*** PROVIDED MATERIAL Section Begins ***

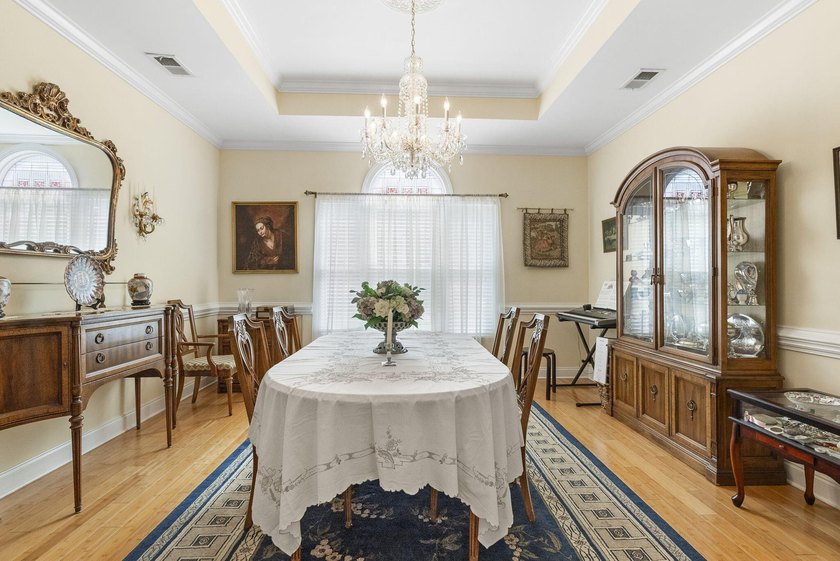 Welcome to this beautiful custom-built home that has been - photo 21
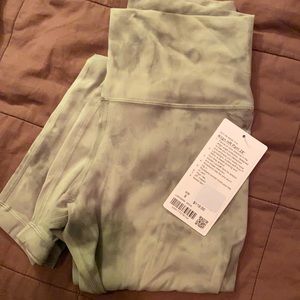 Lululemon Align 28” Diamond Dye green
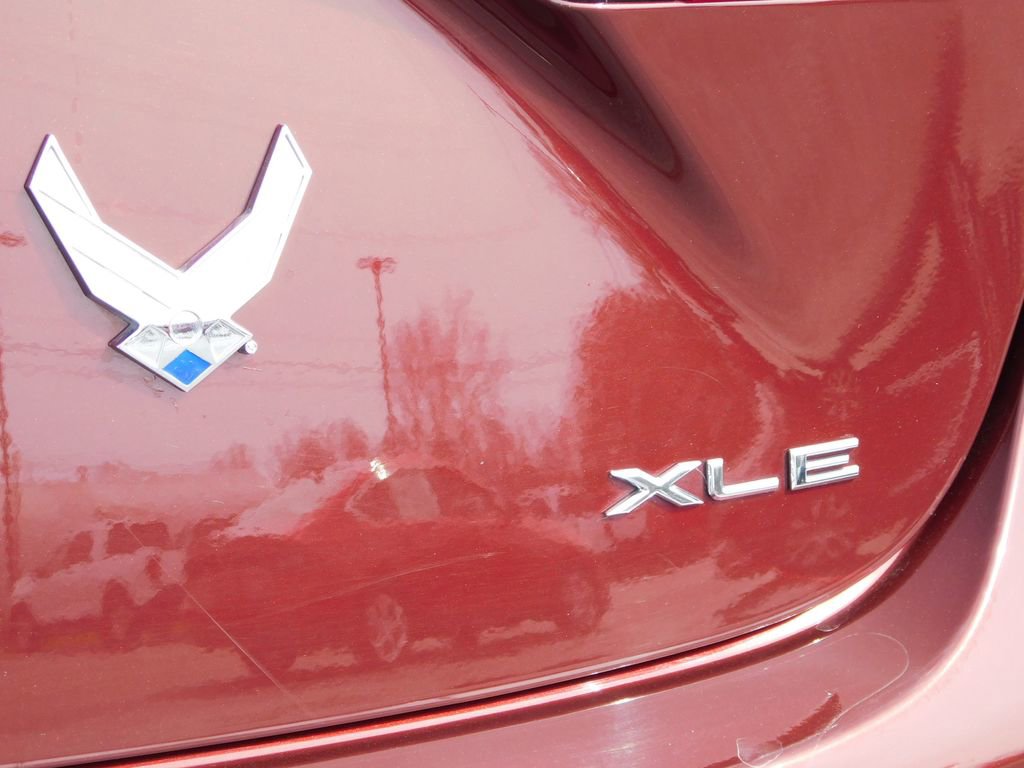 Used 2018 Toyota Avalon XLE Premium w/ Protection Package image 40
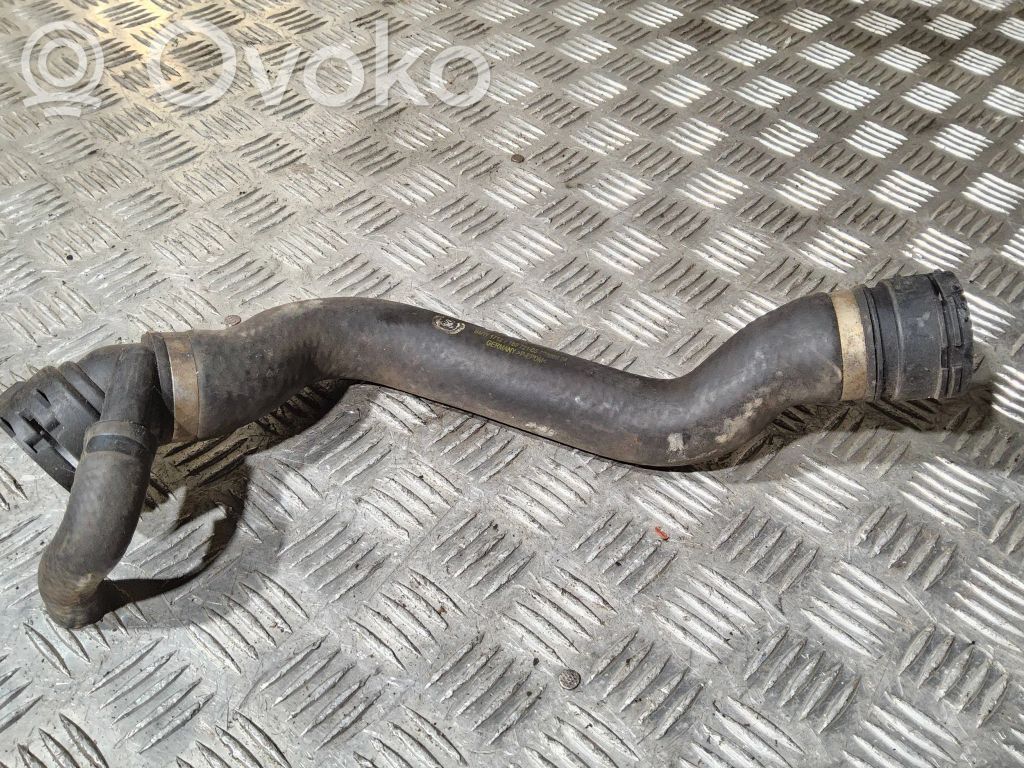 BMW 3 E90 E91 Engine coolant pipe/hose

*** PROVIDED MATERIAL Section Ends ***

TASK DIRECTIONS:
Leave every picture out, and reproduce exactly the lines from the line bearing "Used 2018 Toyota" through the closing line of the material above.

EXERCISE RESPONSE:
 Used 2018 Toyota Avalon XLE Premium w/ Protection Package image 40
 BMW 3 E90 E91 Engine coolant pipe/hose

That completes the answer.